Так делали военные летчики: сбив вражеский самолет, рисовали звезду на крыле.
Вечером Панька явилась в родительскую комнату: обсуждали детали похорон. Сидя на краешке стула, Панька кивала на каждое слово. Отец обо всем договорился. Институт выделил автобус – везти гроб. В церковь Панька опасалась. Услышав краем уха, Маша усмехнулась про себя.
Похоронная контора предложила выбор: Южное или крематорий. Еще вариант – на Красненьком, вроде бы там был похоронен кто-то из Панькиных дальних родственников, но требовались документы на могилу. Документов у Паньки не было. «Когда-то ездили, обихаживали, двоюродный племянник…» – она оправдывалась, всхлипывая.
Маша ушла к себе и прикрыла дверь.
– Может, все-таки крематорий, – мама заговорила робко, и отец поддержал:
– Подумайте, Прасковья Матвеевна… На Южное ездить тяжело. Все мы, как говорится, не молодеем.
– В крематории выдают урну. Куда захотите, туда и подхороните, хоть куда, хоть на Красненькое, – мама убеждала настойчиво.
В прихожей раздался звонок.
Иосиф вошел и осведомился деловито:
– Ну как?
Маша пожала плечами:
– Решают, куда везти: на кладбище или в крематорий… Ты бы что выбрал?
– Я бы, – брат ответил мрачно, – пожалуй, повременил.
Панька не решалась. То поминая Страшный Суд, на который до€лжно являться в теле, то жалуясь на больное сердце, она заглядывала в глаза. Родители медлили.
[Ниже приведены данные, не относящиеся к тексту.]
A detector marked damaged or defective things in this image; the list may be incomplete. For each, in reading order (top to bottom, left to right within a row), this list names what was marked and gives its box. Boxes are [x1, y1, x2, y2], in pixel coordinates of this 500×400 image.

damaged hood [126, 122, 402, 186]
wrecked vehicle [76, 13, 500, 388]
– Вы, Прасковья Матвеевна, недооцениваете наш советский крематорий, – не выдержав, Иосиф вмешался в разговор. – А между тем именно крематорий дает родственникам неоспоримое преимущество. С дорогим усопшим они могут поступить так, как захотят.
– Как это? – Панька испуганно встрепенулась.
– Да так. Урна – ваша собственность. Ее вообще можно не подхоранивать. Хранить хоть у себя, на буфете.
– Как это – хранить? А если проверят? – Панька поджала губы.
– А вы ответите, что отвезли прах на историческую родину, – он усмехнулся, – там и зарыли с миром. Мол, будет лежать до самого Воскресения. Вы ведь, я понимаю, не местные?
– Чего это? – Панька скосилась подозрительно.
– Родились-то не в Ленинграде?
– Волховские мы, в Ленинград на работу приехали, до войны еще, – она ответила с торопливой готовностью.
– Ну вот, все и сходится, – Иосиф улыбнулся, и Панька наконец решилась:
– Ладно, вы умные – вам виднее. Пусть уж крематорий, раз выдают.
– С ума сошел, не хватало еще праха! – Они сидели в Машиной комнате.
Брат поморщился:
– Ну ты-то хоть не глупи. Старуха. Еле живая. Ну хочется ей на Красненькое. Получим урну – съездим и подхороним.
– Без документов?
– Да на кой ляд нам их документы? Выроем ямку… – снова он подходил как к технической задаче.
– Не знаю. Как-то… – Маша поежилась. – Пепел, прямо в квартире…
– Горстка пепла. Все, что остается. И от нас, и от наших коммунальных соседей. Борьба на выживание. Счастлив тот, кто узрит прах своего врага… Как в институте? – брат перевел разговор.
Маша пожала плечами.
– Человек – неблагодарное животное, согласна? – он усмехался. – Кажется, душу готов заложить, а добьется своего, пожимает плечиком, дескать, не очень-то и хотелось…
– Это неправда! – Маша возразила горячо. – Я рада и счастлива, просто…
Он поднял брови:
– Что – просто?
– Я не понимаю. Панька обзывала папу, а они теперь с этой дурой возятся!